Jörg Rowohlt Geschrieben am 22 Juli, 2015

Pressemitteilung: Volkstheater = Konzerthaus mit Schauspielbespielung

Die Künstlergewerkschaften Vereinigung deutscher Opernchöre und Bühnentänzer (VdO) und Genossenschaft Deutscher Bühnen-Angehöriger (GDBA) haben sich in einer gemeinsamen Presseerklärung zu den drohenden Massenentlassungen am Volkstheater Rostock geäußert:

Kombo_GDBA_VdO

In Rostock drohen Massenentlassungen:

Volkstheater = Konzerthaus mit Schauspielbespielung

Jörg Löwer, Präsident der GDBA, und Gerrit Wedel, stellv. Geschäftsführer der VdO, erklären zu den geplanten Einsparungen am Volkstheater Rostock:

Von den 270 Beschäftigten des Volkstheaters Rostock wären 34 von betriebsbedingten Nichtverlängerungen und 46 von betriebsbedingten Kündigungen betroffen. Weitere Mitarbeiter würden in Rente gehen. Zum Sommer 2017 würden die Sparten Musiktheater und Tanztheater abgewickelt, der Gästeetat gekürzt und die Schauspielsparte bis auf sieben Darsteller zusammengestrichen.
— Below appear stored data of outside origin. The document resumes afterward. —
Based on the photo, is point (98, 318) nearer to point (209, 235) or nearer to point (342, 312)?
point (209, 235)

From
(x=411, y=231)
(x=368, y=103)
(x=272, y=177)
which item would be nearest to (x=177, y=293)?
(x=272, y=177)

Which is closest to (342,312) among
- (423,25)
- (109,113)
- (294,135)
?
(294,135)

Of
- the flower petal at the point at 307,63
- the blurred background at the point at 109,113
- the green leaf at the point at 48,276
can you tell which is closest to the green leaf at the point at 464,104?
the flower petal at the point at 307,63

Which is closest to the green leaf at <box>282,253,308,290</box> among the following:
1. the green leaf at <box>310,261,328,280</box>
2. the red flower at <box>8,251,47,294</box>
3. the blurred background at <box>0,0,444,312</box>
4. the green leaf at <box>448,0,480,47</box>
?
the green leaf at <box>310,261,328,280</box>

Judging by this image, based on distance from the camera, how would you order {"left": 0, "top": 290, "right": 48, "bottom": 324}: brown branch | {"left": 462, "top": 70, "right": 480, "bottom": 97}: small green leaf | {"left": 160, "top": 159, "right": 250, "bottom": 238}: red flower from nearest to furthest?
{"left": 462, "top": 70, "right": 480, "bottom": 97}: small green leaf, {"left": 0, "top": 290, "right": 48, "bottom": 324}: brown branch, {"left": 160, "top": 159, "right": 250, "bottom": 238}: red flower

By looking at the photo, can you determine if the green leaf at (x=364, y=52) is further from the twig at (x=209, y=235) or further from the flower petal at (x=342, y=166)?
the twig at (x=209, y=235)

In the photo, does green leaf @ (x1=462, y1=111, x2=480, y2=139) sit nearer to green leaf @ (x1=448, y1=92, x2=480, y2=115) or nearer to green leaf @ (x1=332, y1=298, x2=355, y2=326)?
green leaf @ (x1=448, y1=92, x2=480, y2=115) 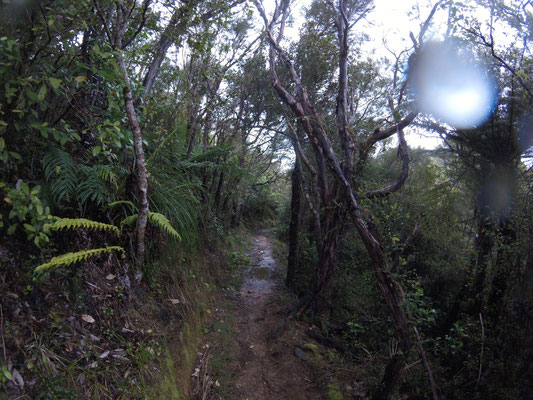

Das wäre das Ergebnis eines Spardiktats, das dem Volkstheater durch die verantwortlichen Politiker aufgezwungen wird. Am Montag hat der Kaufmännische Leiter des Hauses, Stefan Rosinski, das geforderte Umsetzungskonzept fristgerecht vorgelegt.

Mit diesem sogenannten Umsetzungskonzept wird offensichtlich, was schon lange kritisiert und befürchtet werden musste: Die Konsequenz der monate- und jahrelangen Debatten wäre der radikale Abbau eines traditionsreichen Hauses und die Entlassung eines großen Teils der Beschäftigten. Aus dem bisher propagierten 2+2-Modell wird ein 1,5+0 Szenario: An Kooperationen wäre nicht mehr zu denken, da hierfür schlicht das Geld und die entsprechenden Mitarbeiter fehlen würden. Die vollmundigen Versprechen von Oberbürgermeister Roland Methling, den Theaterstandort Rostock zu erhalten und den Bürgern ein interessantes und abwechslungsreiches Theaterangebot zu bieten, sind offenbar gegenstandslos geworden – auch wenn dem OB die Problematik nach eigenen Worten „schleierhaft“ ist und er die von ihm erzwungenen Sparüberlegungen des Theaters nun als „einzige Bankrotterklärung“ sieht.

GDBA und VdO fordern Oberbürgermeister Roland Methling und Kulturminister Mathias Brodkorb (SPD) deshalb auf, ihren desaströsen Kurs des Theaterabbaus in Rostock in letzter Minute doch noch zu korrigieren! Die Bürgerschaft muss die Entscheidung erneut an sich ziehen. Die größte Stadt Mecklenburg-Vorpommerns hat besseres – ein funktionierendes – Stadttheater verdient!